As the world moves towards cloud-based storage and computing, the task of storing our data on a PC hard disk is being replaced with cloud-based storage providers. This includes our emails, social data, professional data, and financial data. Accessing this data requires authentication, despite its various limitations, username and password are still the standard way of authentication [though OpenID is slowly becoming popular]. One thing which is crucial in this case is how web services store user’s password.

The password is more important than data

  1. Access to password implies access to user’s data (but not vice-versa) – of course, unless the web service enforces at least one other factor for authentication.
  2. Password reuse is extremely common – if someone is able to get access to user’s password on a social networking site, it can be used to compromise his data stored on (say) email service.
  3. Unethical employees – an unethical employee who might have (legitimate) access to user’s data [for technical reasons], might find it tough to read/manipulate user data in a corporate environment where [due to network monitoring] since chances of getting caught are pretty high. If he is able to access user’s password, he can access user’s data from the comfort of home [and behind anonymous proxies]

If a user is accessing a web service over SSL, only the user [or user’s browser to be precise] and the web service gets to see the password. While spear phishing, dns poisoning (with fake certificates) are popular ways used by attackers to get the password from the user, password leaks as a consequence of the attack on servers not that uncommon anymore. Especially, it is easy for an attacker to target small companies, harvest password [and reuse them to gain access to user’s data on other sites].

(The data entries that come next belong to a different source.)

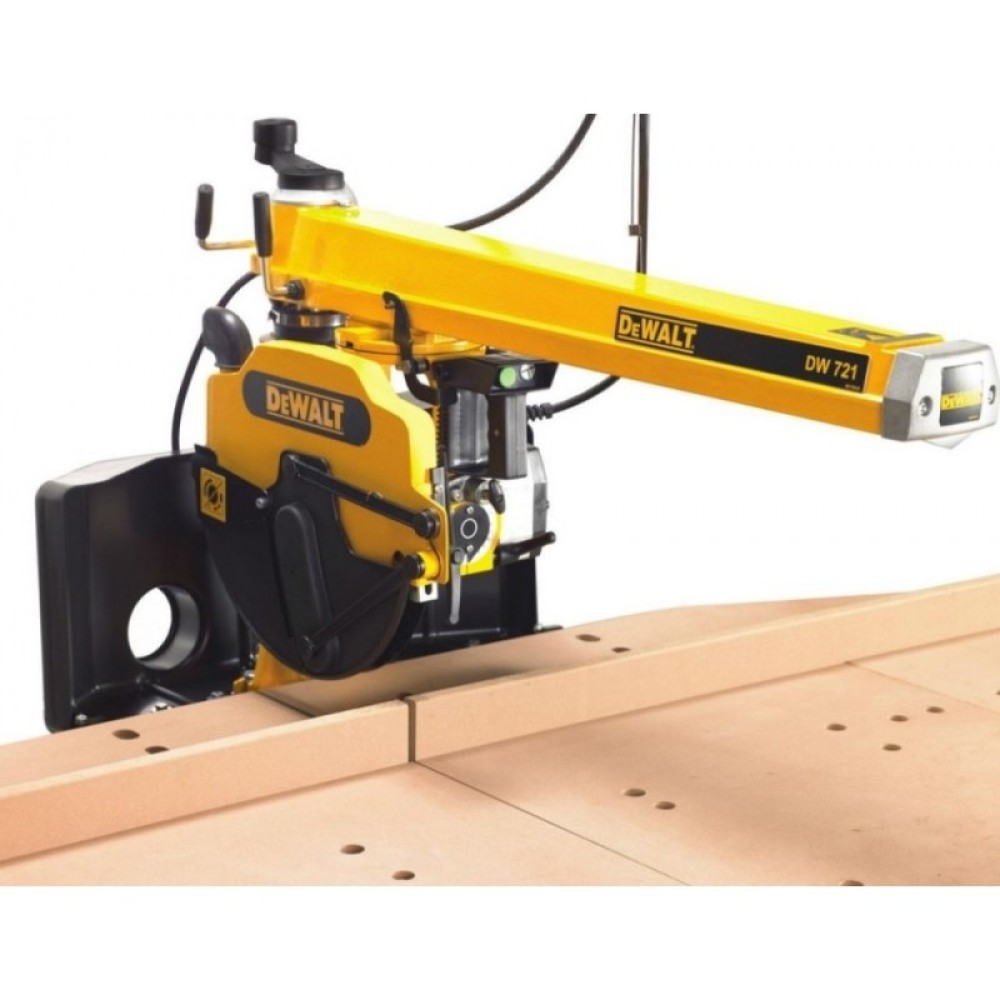 Пила радиально-консольная DeWalt DW 721 KN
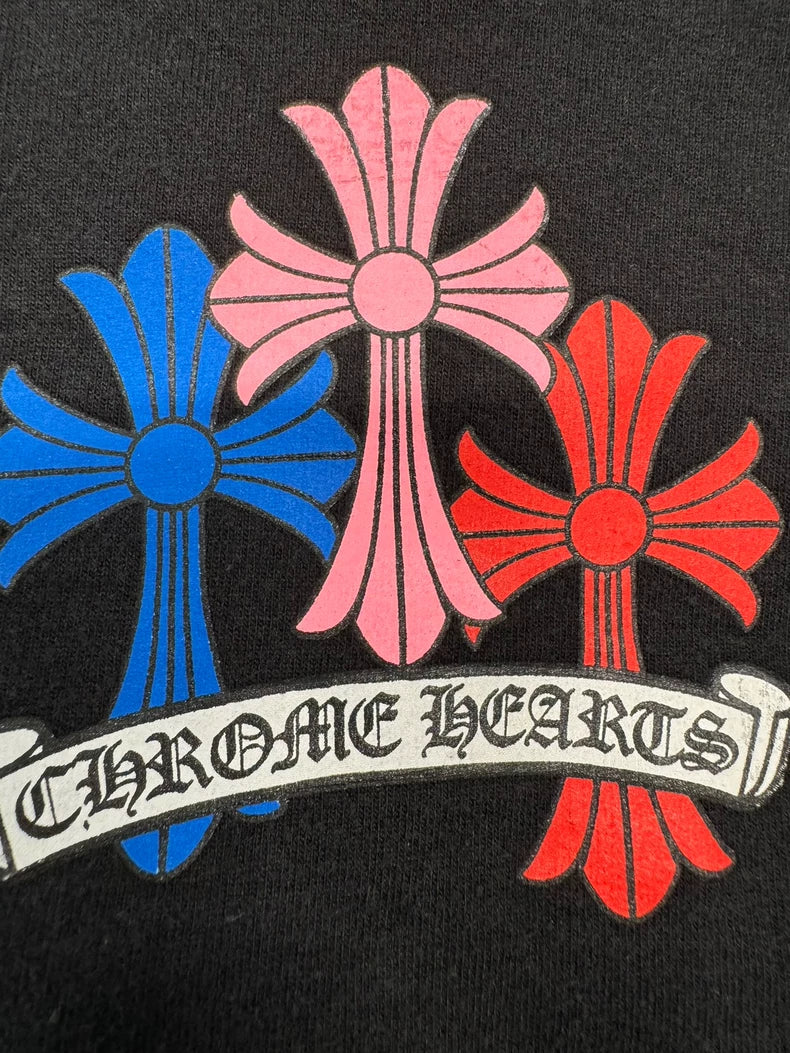 Chrome Hearts Black Zip Hoodie M-yf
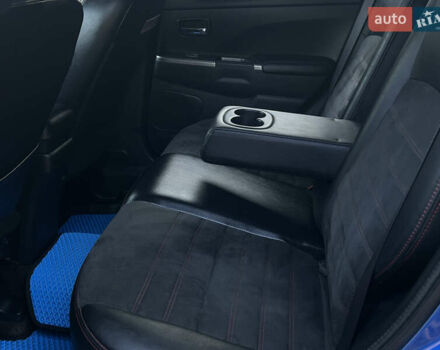 Синій Міцубісі Outlander Sport, об'ємом двигуна 2.36 л та пробігом 156 тис. км за 13799 $, фото 23 на Automoto.ua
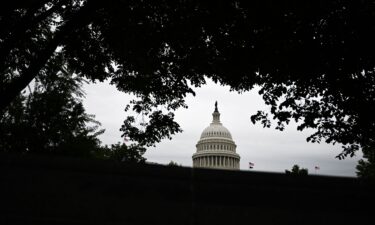 A view of the US Capitol in Washington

How web services store password
There are three primary ways for a web service to store password –

  1. Plaintext
    The password is stored “as-is”, an attacker who has gained control can read the passwords. An in-house encryption technique is no different from plain text password since it has not been proved to be unbreakable.
  2. Encrypted
    The password can be recovered using a key whose access is presumably more limited than encrypted data itself. But this can freak out tech-savvy people and is also bad, since if any employee who is able to get to see the password once, can always access data later on. (even from an external network)
  3. One-way hash (best choice)
    One way hash has the property that one can verify whether the user knows the password or not without actually storing the password itself. The password-to-hash function is fast while there are no known ways to reverse it (except brute-force which is extremely slow). A properly chosen hash (eg. SHA-1 hash) is the best choice. Gawker used md5 which can be cracked using brute-force.

Need for disclosure
Given that passwords are crucial, what we need is a self-disclosure policy on the part of web services to tell us how they store our password. And yeah, this should be a one-line disclosure and not pages full of terms-of-service which only lawyers understand. This disclosure should also further include whether the password gets logged as a part of regular network activity or not. Business Insider alleged that passwords saved as a part of normal network logging activity have been used earlier.